* [Try it] Starting from the line with "Wappen ehemals FV" and going up to and including the line with "SLITTER - 1500 MM - 0.5-3.0 MM - MARIANI", copy the listing below exactly. Leave all images out.

* [Records provided]
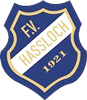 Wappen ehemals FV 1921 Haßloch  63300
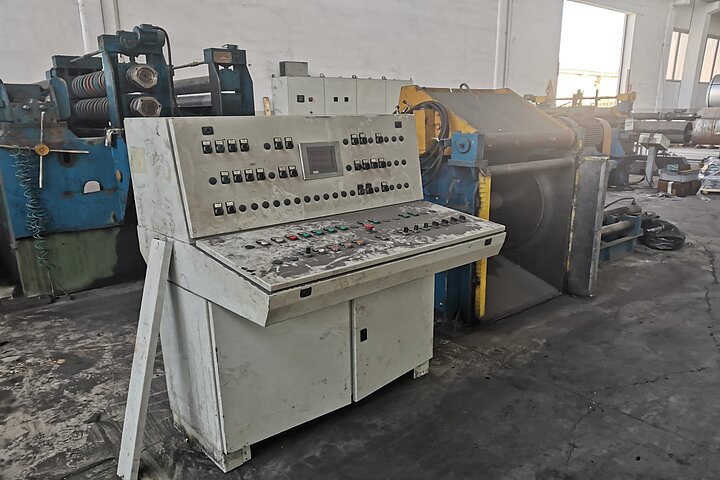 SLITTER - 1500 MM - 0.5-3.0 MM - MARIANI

==

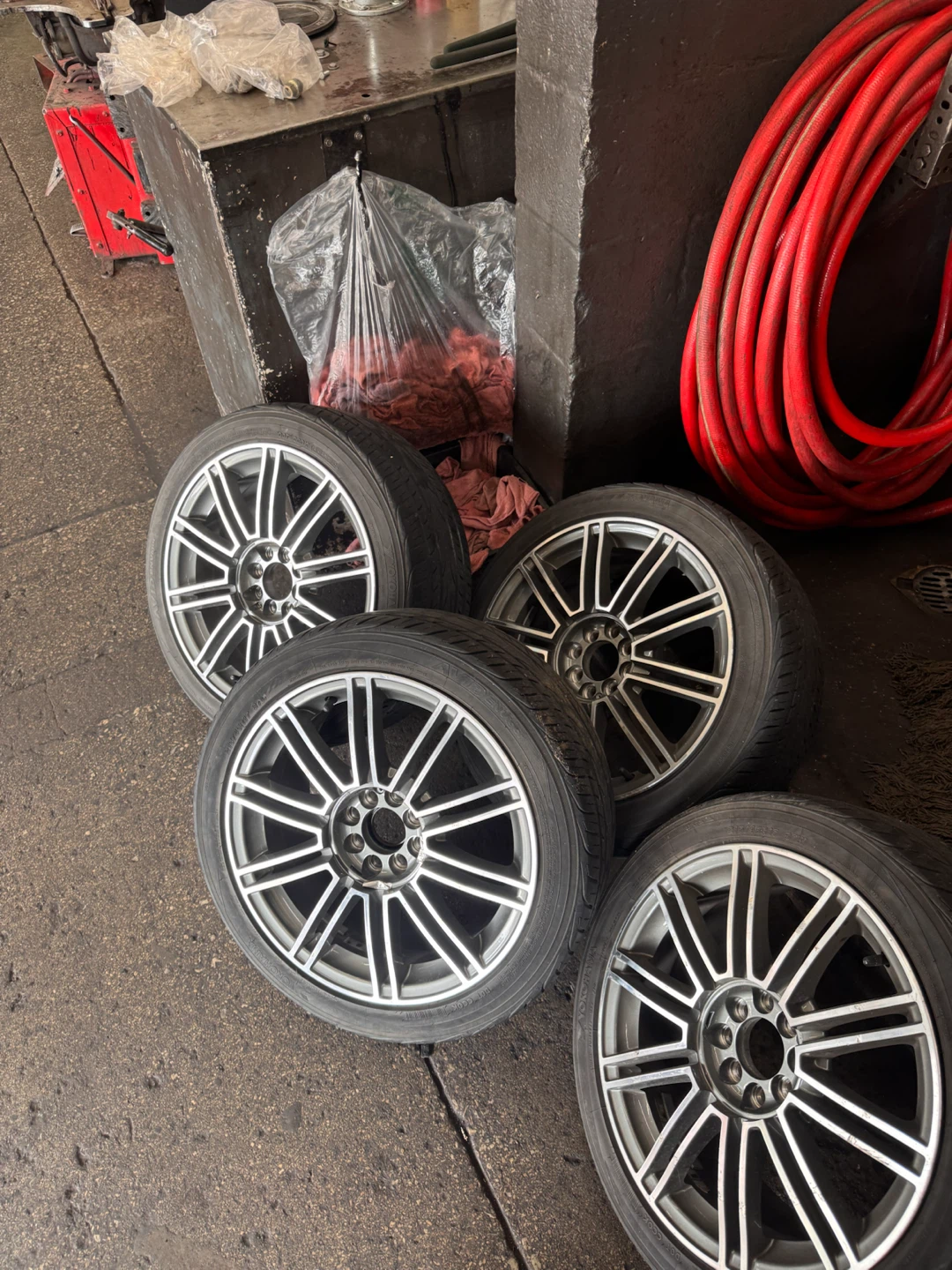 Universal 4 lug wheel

--

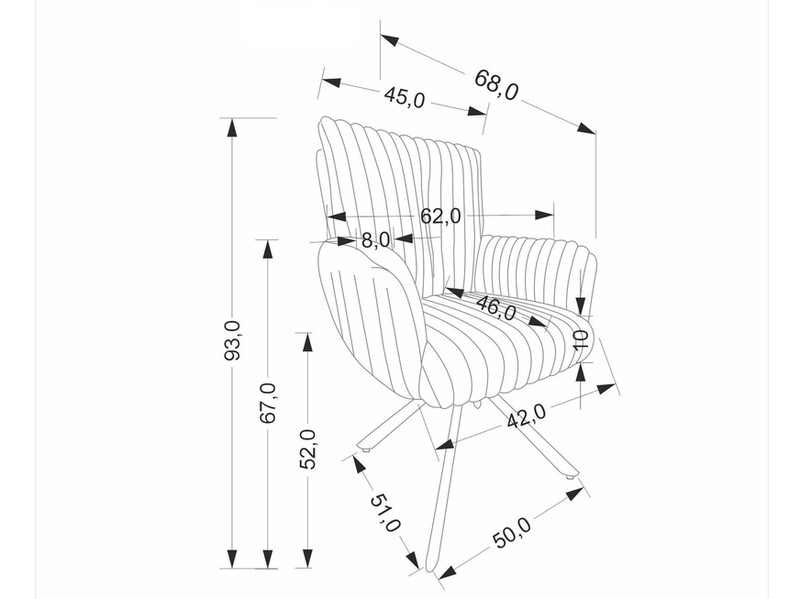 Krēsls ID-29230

* [Result for this exercise]
 Wappen ehemals FV 1921 Haßloch  63300
 SLITTER - 1500 MM - 0.5-3.0 MM - MARIANI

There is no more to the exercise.